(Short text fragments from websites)
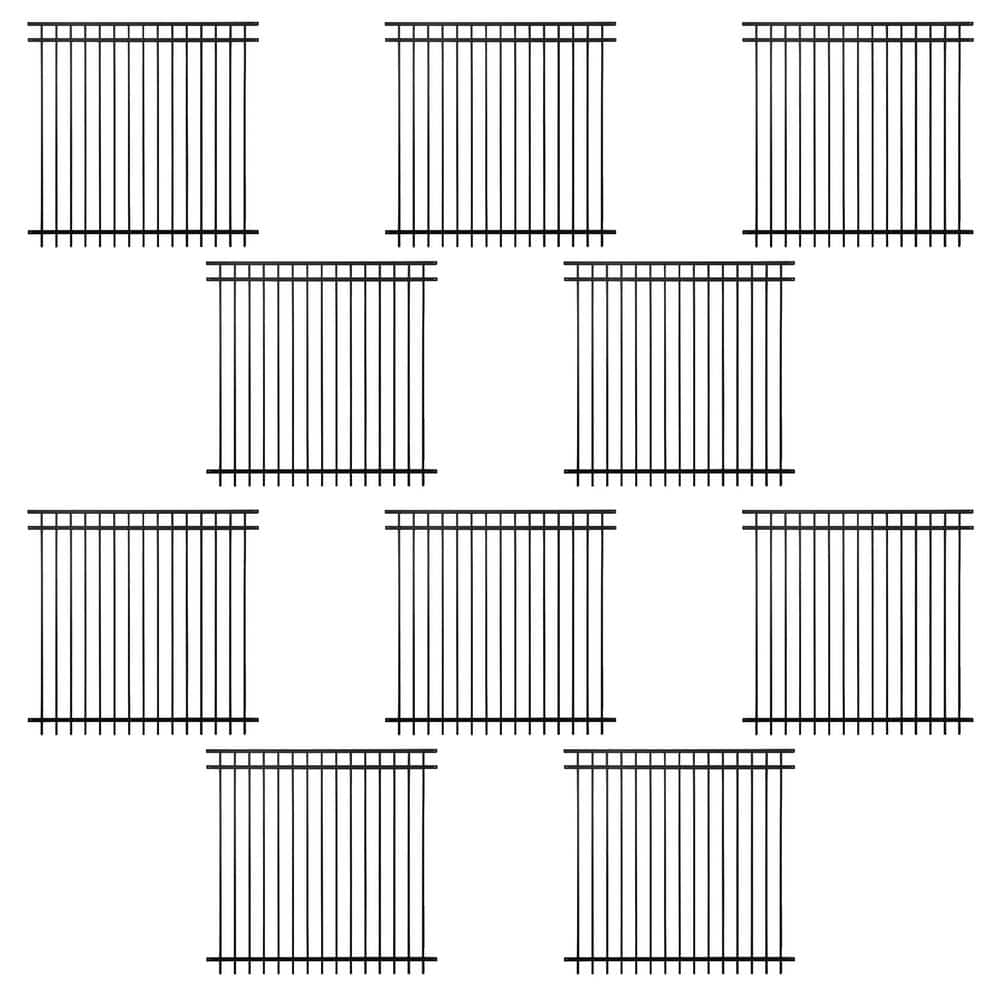 6 ft. x 6 ft. Heavy Duty Spaced Bar Flat Top Flat Metal Fence Panel, Anti-Rust Garden Fence Panel (Pack of 10) price history on PriceWatchPro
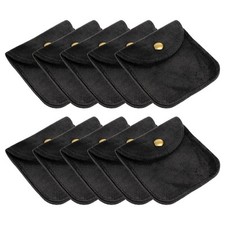 20 Pack Jewelry Pouch 3x3" Soft Velvet Pouch with Snap Button Black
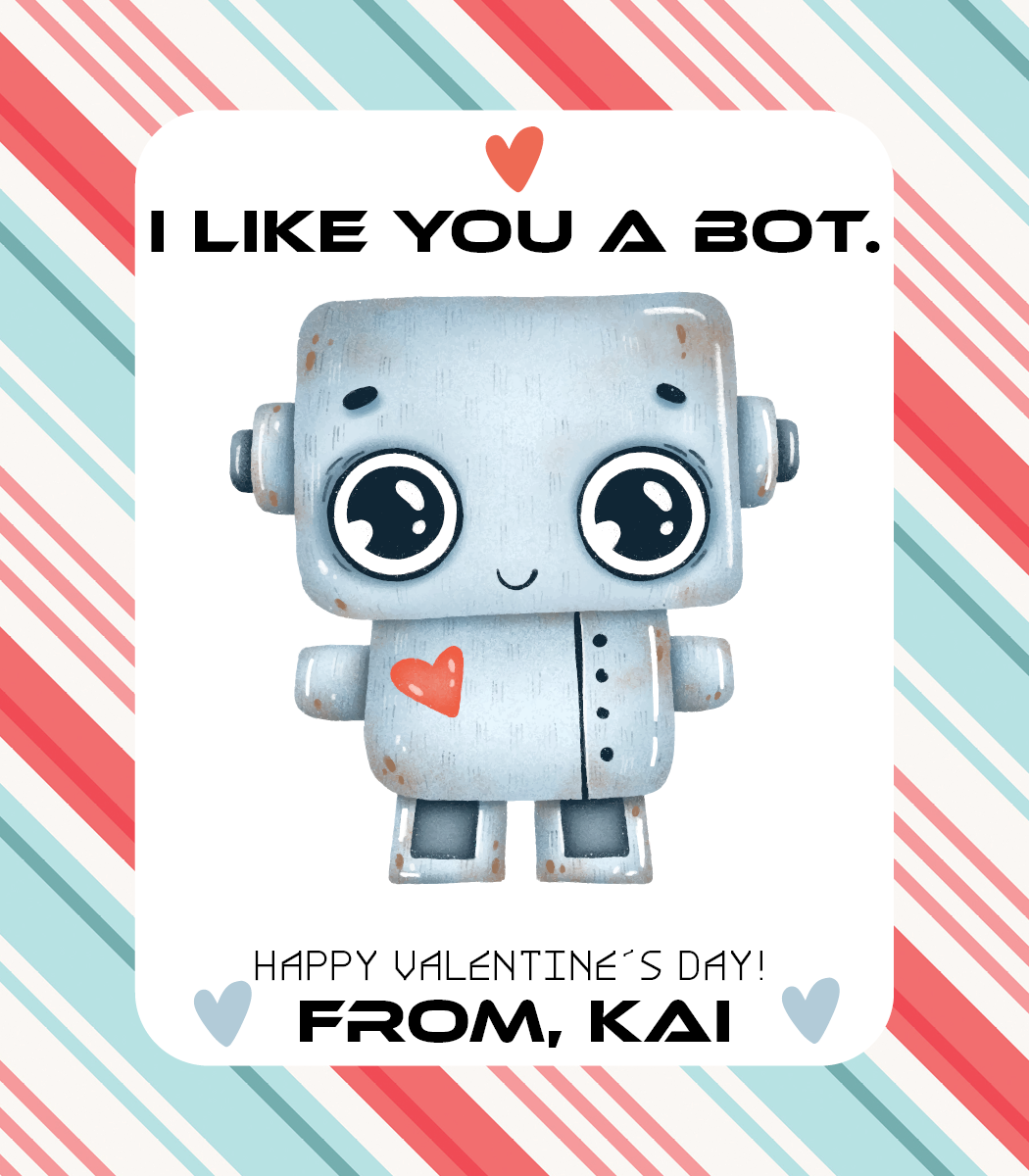 Robot Valentines for Valentine's Day Parties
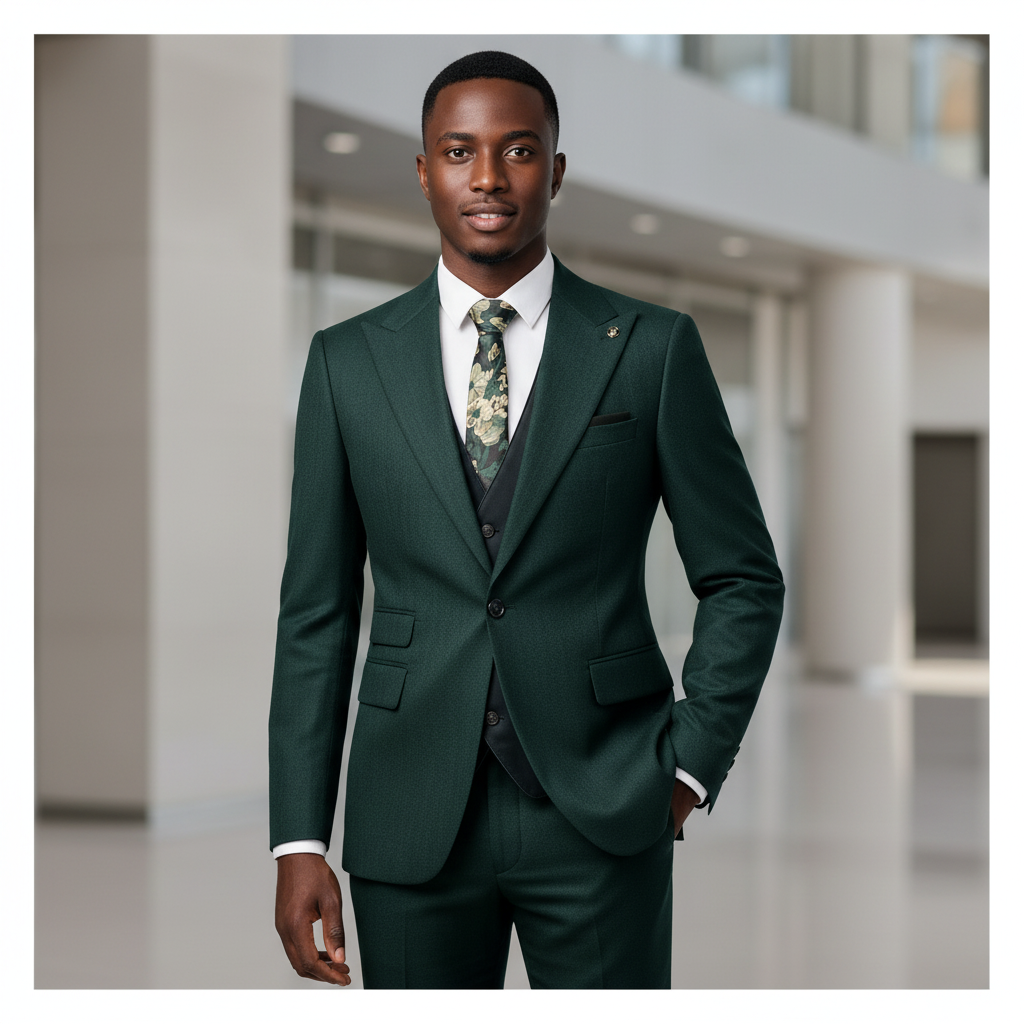 Nigerian male model wearing dark green 3-piece suit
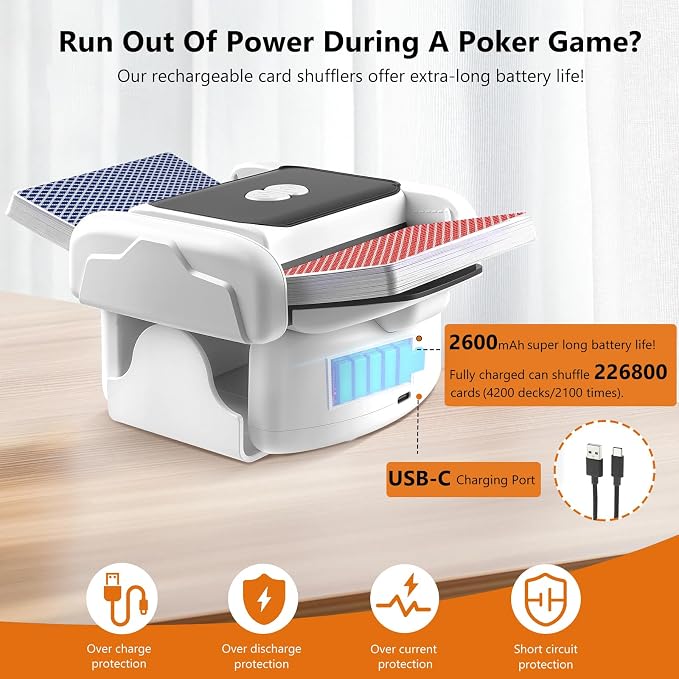 Automatic Card Shuffler，Rechargeable One-Click Card Shuffler - Image 4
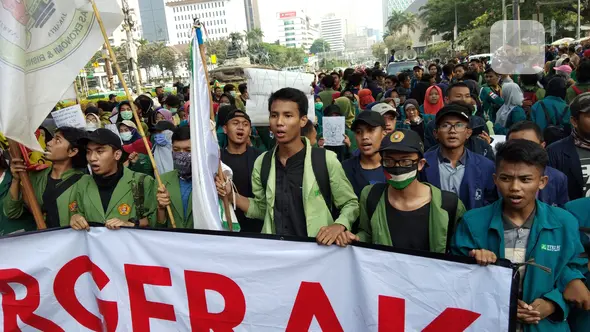Demonstrasi mahasiswa di kawasan Istana Kepresidenan. (Liputan6.com/Ady Anugrahadi)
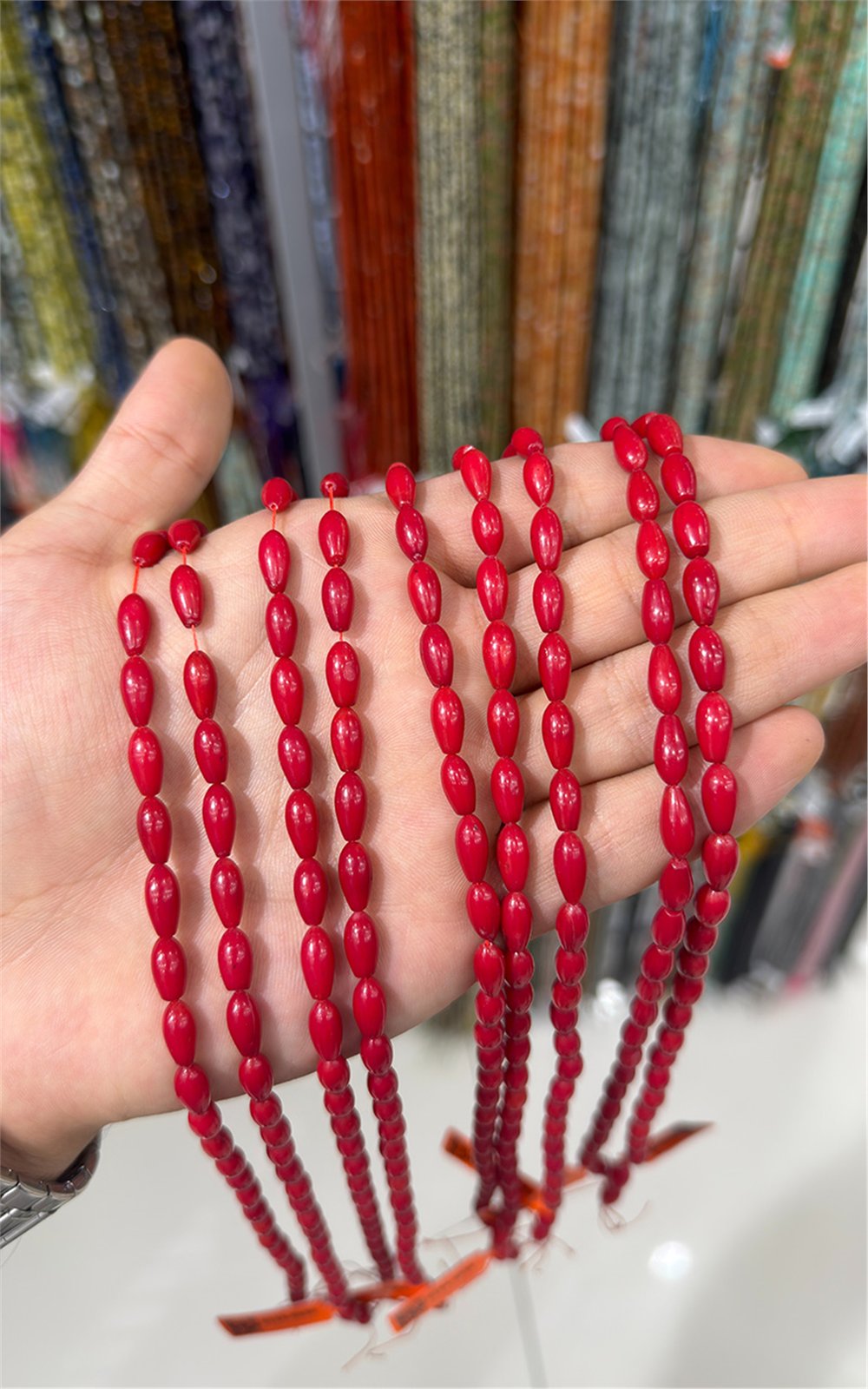 Mercan Doğal Taş Parlak Kırmızı Damla Kesim 5x11mm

- Your goal
Take the line with "20 Pack Jewelry" and every line after it through the end of the data, and write only them out exactly, leaving out the pictures.

- Exercise solution
 20 Pack Jewelry Pouch 3x3" Soft Velvet Pouch with Snap Button Black
 Robot Valentines for Valentine's Day Parties
 Nigerian male model wearing dark green 3-piece suit
 Automatic Card Shuffler，Rechargeable One-Click Card Shuffler - Image 4
Demonstrasi mahasiswa di kawasan Istana Kepresidenan. (Liputan6.com/Ady Anugrahadi)
 Mercan Doğal Taş Parlak Kırmızı Damla Kesim 5x11mm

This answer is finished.